An exact copy of each line below is needed, with no images in it.

* Supplied material
• • •
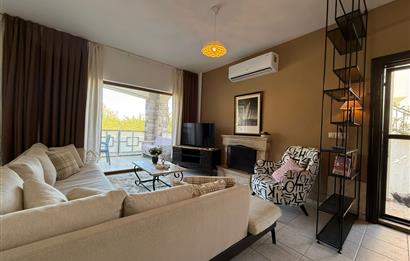 Yalıkavak Marina da Satılık Bahçe Katı Daire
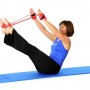 Bande de rééducation Thera-Band - 5,50 m - Force moyen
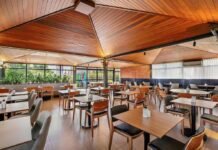 Restaurante do hotel Meliá tem noites espanholas em julho (Foto: Divulgação)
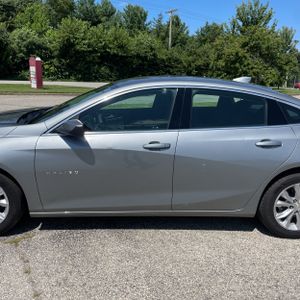 2023 Chevrolet MALIBU LT 照片 4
• • •
* Response area
 Yalıkavak Marina da Satılık Bahçe Katı Daire
 Bande de rééducation Thera-Band - 5,50 m - Force moyen
 Restaurante do hotel Meliá tem noites espanholas em julho (Foto: Divulgação)
 2023 Chevrolet MALIBU LT 照片 4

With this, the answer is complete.